Miller v. Rite Aid Corp.

Decision Date11 October 2007
Docket NumberNo. 05-35505.,05-35505.
Citation504 F.3d 1102
PartiesMorgan MILLER; Kylee Miller; Wayne Hoover, and Morgan Miller, as personal representative of the Estate of Connie Miller, Plaintiffs-Appellants, v. RITE AID CORPORATION, a Delaware corporation; Thrifty Payless Inc; Standard Insurance Company, an Oregon Corporation, Defendants-Appellees.
CourtU.S. Court of Appeals — Ninth Circuit

J. Michael Alexander, Swanson, Lathen, Alexander & McCann, PC, Salem, OR, for the appellants.

Bruce A. Rubin and Jennifer J. Roof, Miller Nash LLP, Portland, OR, for the appellees.

Appeal from the United States District Court for the District of Oregon; Anna J. Brown, District Judge, Presiding. D.C. No. CV-04-00601-AJB.

Before: STEPHEN REINHARDT, CYNTHIA HOLCOMB HALL, and MILAN D. SMITH, JR., Circuit Judges.

REINHARDT, Circuit Judge:

This case presents the question whether the estate and alleged beneficiaries of an employee who was neither enrolled in, nor eligible for, a life insurance plan regulated by the Employee Retirement Income Security Act of 1974 (ERISA), 29 U.S.C. § 1001, et seq., at the time of her death (which preceded the time this action was filed) may bring an ERISA claim. We hold that these parties may not bring such a claim, and therefore ERISA does not preempt Appellants' state law claims.

I. Factual and Procedural Background

Connie Miller ("Miller") was employed by Rite Aid from approximately 1981 until her death on February 13, 2002. For some unknown period of time, Rite Aid made deductions from Miller's paycheck to pay for life insurance through a group plan provided by ReliaStar Life Insurance Company ("ReliaStar"). Appellants claim that the ReliaStar policy provided for a benefit of approximately $150,000 and that Miller's children were the beneficiaries of the policy.

In February 2001, Miller was diagnosed with terminal cancer and was placed on disability until her death one year later. On July 1, 2001, before Miller's death, Rite Aid terminated its ReliaStar plan and replaced it with a group plan provided by Standard Insurance Company ("Standard").

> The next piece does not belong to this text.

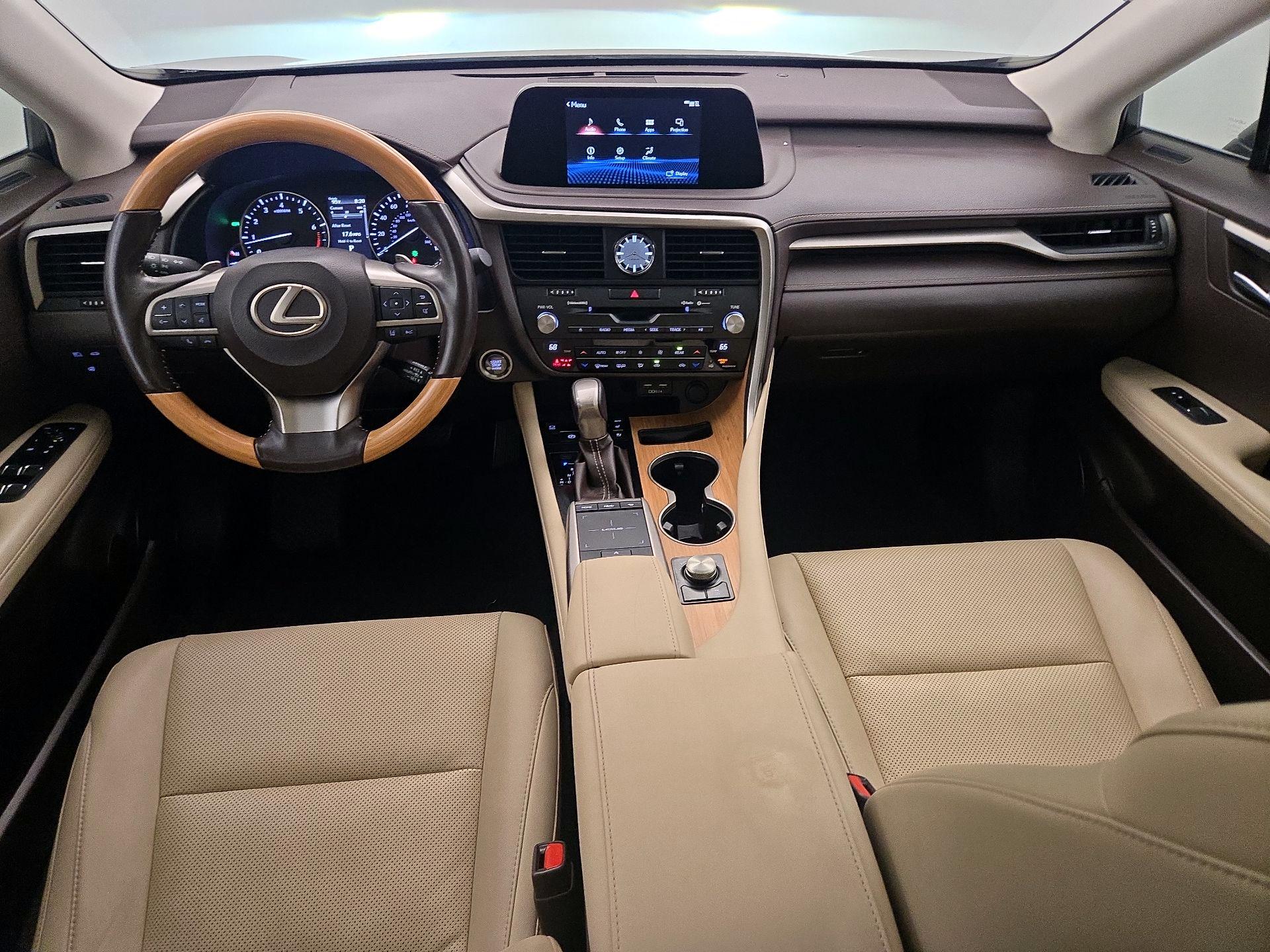 Thumbnail: 2020 Lexus RX - 9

Miller was not enrolled in the Standard life insurance plan because she was not included in the list of employees exempt from the plan's "active at work" requirement, which provided that

If you are incapable of Active Work because of Sickness, Injury or Pregnancy on the day before the scheduled effective date of your insurance . . . your insurance will not become effective until the day after you complete one full day of Active Work as an eligible member. [] Active Work . . . mean[s] performing the material duties of your occupation at your Employer's usual place of business.

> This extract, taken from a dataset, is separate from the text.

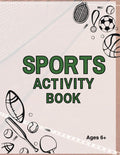 Sports Activity Book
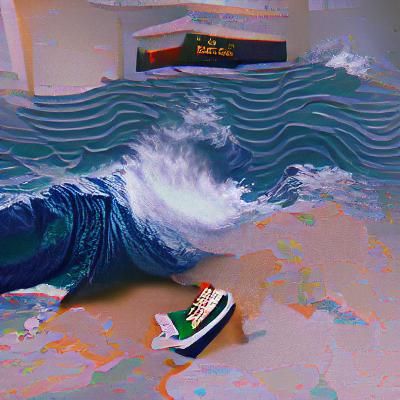 Flood Me Like Atlantic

Therefore, Miller was not enrolled in a group life insurance plan after Rite Aid terminated the ReliaStar plan. Miller also did not convert the ReliaStar group plan into an individual plan.1

Appellants allege, without any details, that Rite Aid "offered, as part of the employment agreement [with Miller], that [Miller] would be provided with life insurance." Appellants also allege that after Miller became terminally ill Rite Aid representatives assured her that she would continue to have life insurance through the time of her death. Miller allegedly repeated these assurances to her daughter. Appellants also allege that after Miller's death Rite Aid representatives told her daughter that Miller had life insurance at the time of her death.2 Appellants later discovered that they were not eligible for any benefits because Miller was not enrolled in any life insurance plan.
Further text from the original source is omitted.